Exercise details — Starting at the line that contains "What Is TDP? A Basic Definition - KenFa Tech" and stopping after the line that contains "1066 Highlands Dr, Naples, FL 34103 Photo", transcribe the listing below exactly; do not include any pictures.

Exercise input —
################

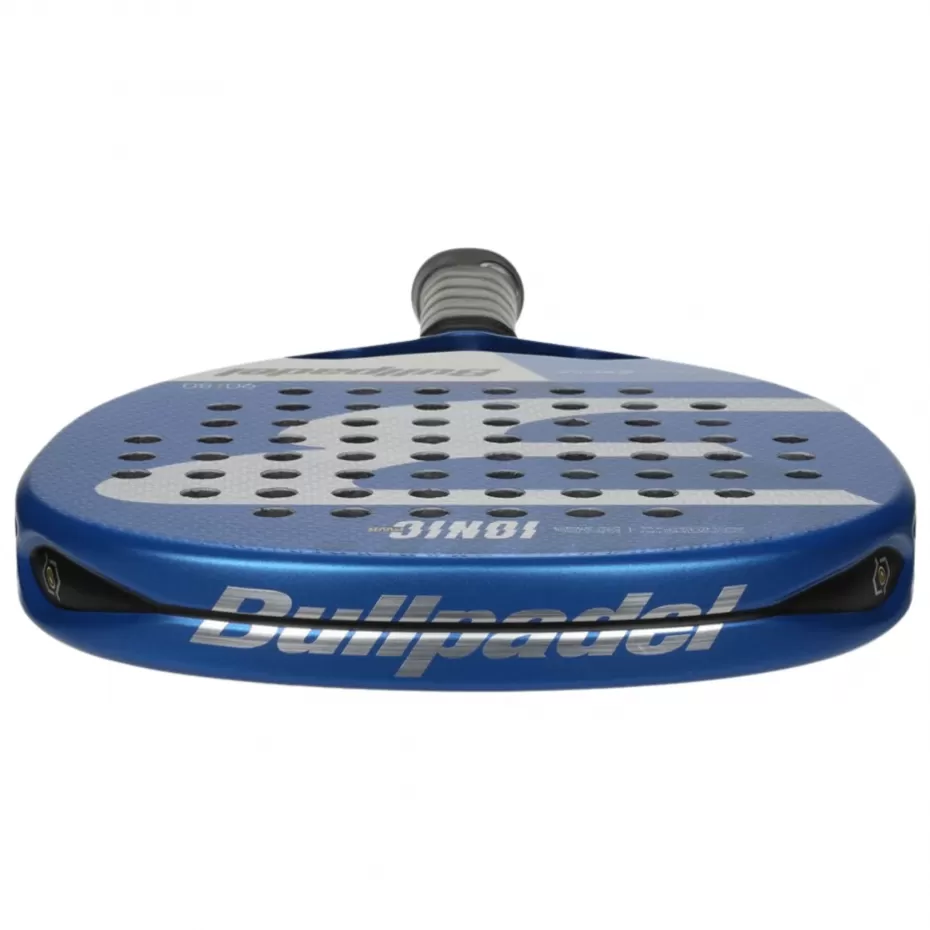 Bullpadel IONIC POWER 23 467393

################

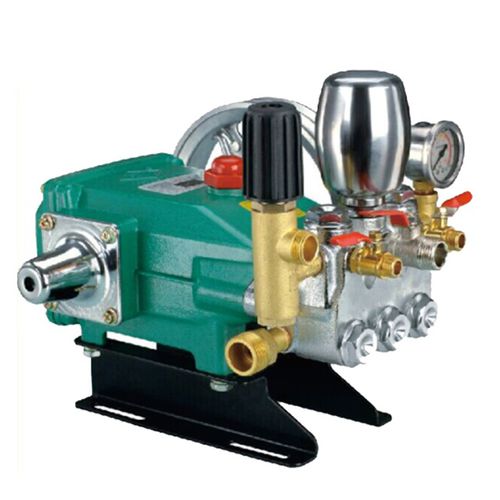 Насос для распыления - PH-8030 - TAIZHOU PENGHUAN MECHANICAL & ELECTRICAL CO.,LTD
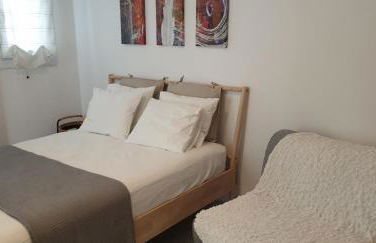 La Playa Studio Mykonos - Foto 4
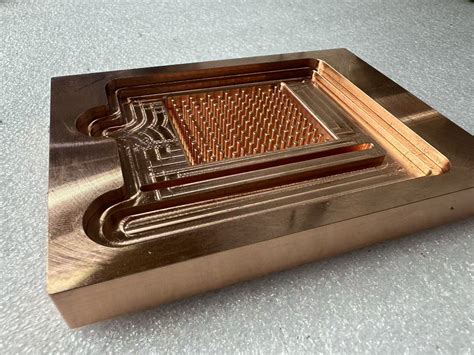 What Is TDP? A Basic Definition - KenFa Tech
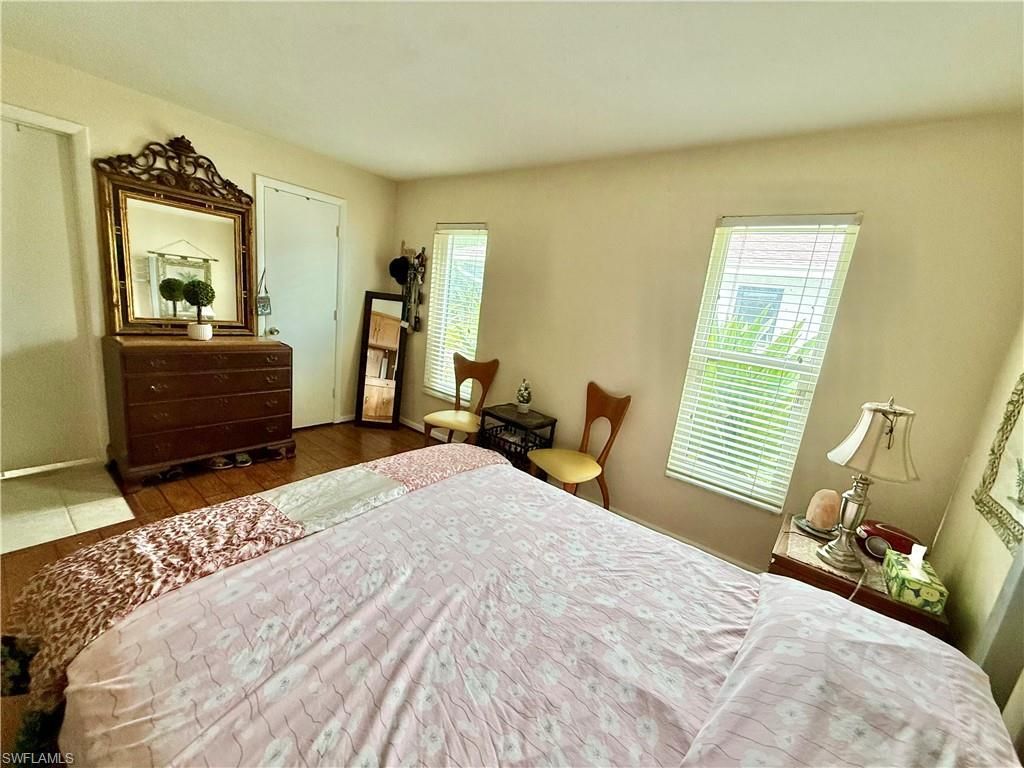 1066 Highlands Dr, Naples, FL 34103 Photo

################

Exercise answer —
 What Is TDP? A Basic Definition - KenFa Tech
 1066 Highlands Dr, Naples, FL 34103 Photo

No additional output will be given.